Problem details: Return, exactly as written, the line containing "Kia Sportage III" and every line after it to the end of the records below, with no pictures.

Data shown:

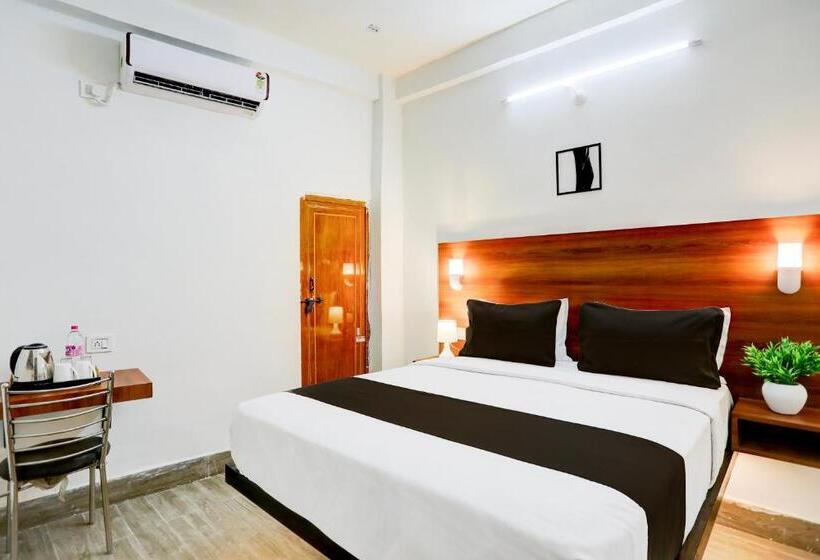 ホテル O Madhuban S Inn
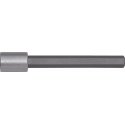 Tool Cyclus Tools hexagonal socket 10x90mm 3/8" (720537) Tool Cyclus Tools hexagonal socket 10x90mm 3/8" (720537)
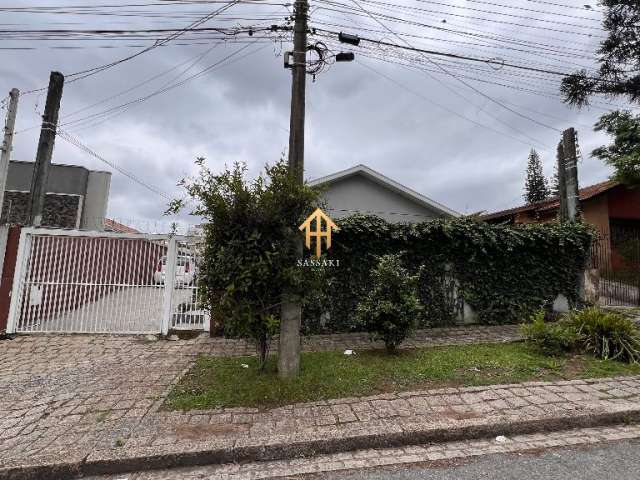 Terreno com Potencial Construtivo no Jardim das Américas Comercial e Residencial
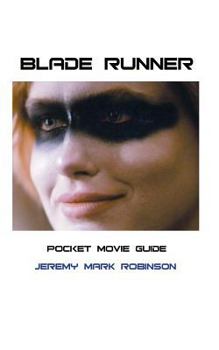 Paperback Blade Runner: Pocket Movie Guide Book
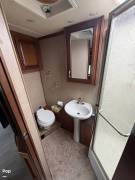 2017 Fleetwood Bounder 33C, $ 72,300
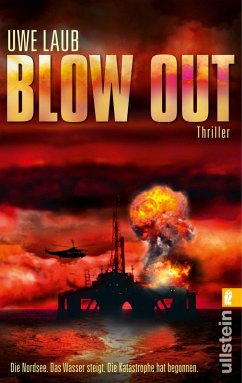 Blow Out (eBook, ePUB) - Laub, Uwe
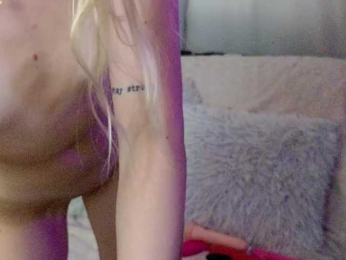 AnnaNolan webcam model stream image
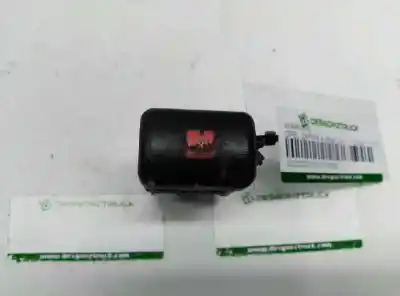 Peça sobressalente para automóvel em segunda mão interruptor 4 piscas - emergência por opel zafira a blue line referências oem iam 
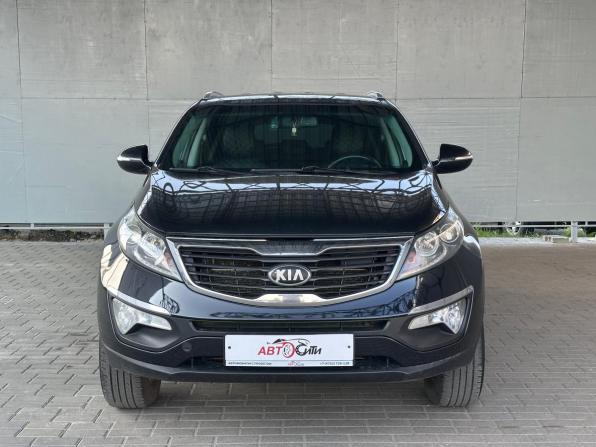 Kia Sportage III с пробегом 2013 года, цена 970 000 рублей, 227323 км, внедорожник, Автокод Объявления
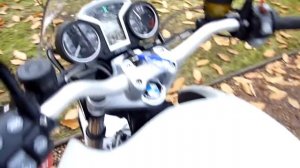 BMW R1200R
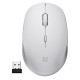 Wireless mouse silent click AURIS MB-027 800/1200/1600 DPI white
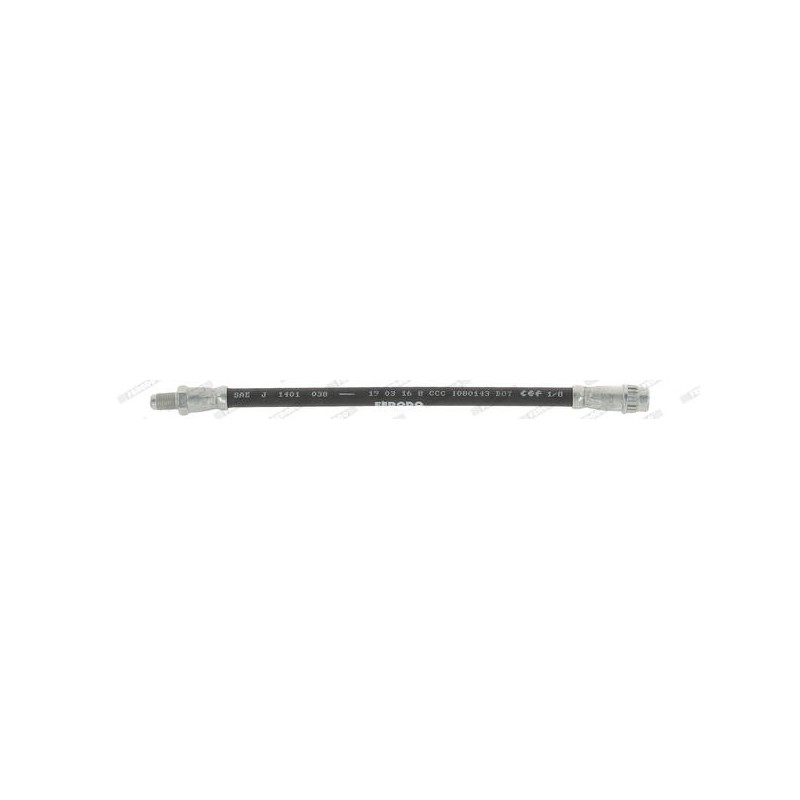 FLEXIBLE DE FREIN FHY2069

Result for this exercise:
 Kia Sportage III с пробегом 2013 года, цена 970 000 рублей, 227323 км, внедорожник, Автокод Объявления
 BMW R1200R
 Wireless mouse silent click AURIS MB-027 800/1200/1600 DPI white
 FLEXIBLE DE FREIN FHY2069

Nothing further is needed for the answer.